I posted once during annual conference with intentions to post frequently. That did not happen, obviously, mainly “just because.” So here’s my summary post, for what it’s worth.
To say this first: I appreciate the enormity of the task of putting together a
session of annual conference, and I am now on the sessions committee who will plan and organize the 2009 session. As hard as one works, one will never be able to please everyone every time. And it is very likely that there were many people who thought this year’s session was good, maybe even one of the best ever.
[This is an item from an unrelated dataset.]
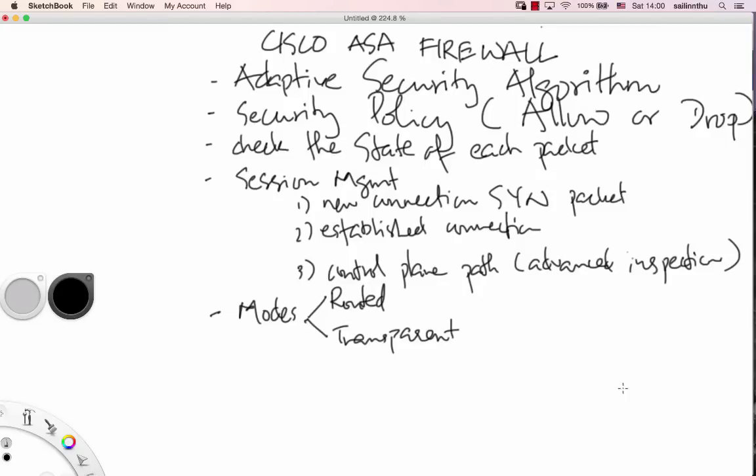Okay, this is the ASA firewall tutorial. Cisco ASA firewall. This is my Cisco ASA firewall tutorial.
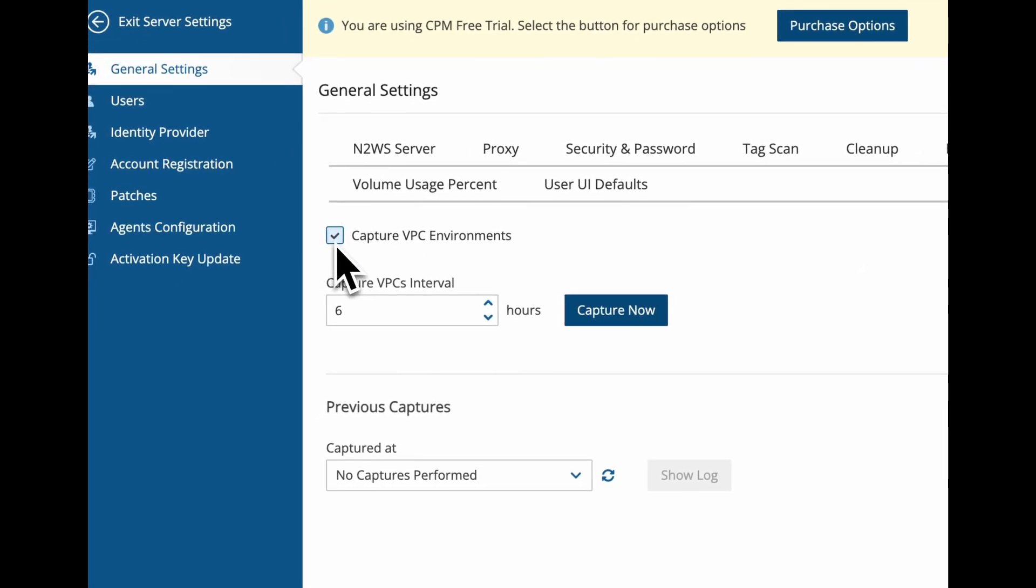All right, so now we will monitor changes to any VPCs that you're using every six hours and if there is a change then we will capture these changes. That means we're not actually going to create a backup every six hours, we're only going to capture these settings if there is a change.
But I have to confess that I’m not among them. I apologize in advance for this, but here’s what I thought of conference this year. It is all, of course, "imho":
Tongue in cheek, I wonder if the theme of the conference was “You People Suck At Doing Really, Really Easy Things.” Once again, the decline in membership and attendance was a central focus. And once again, a litany of simple ideas you, too can implement in your local congregation in order to get more butts in the pews was presented. Once again, pastors who happen to have very attractive personalities and coincidentally serve in growing churches stood before the conference and talked about their own experiences as if they could be universalized into every context with equivalent results.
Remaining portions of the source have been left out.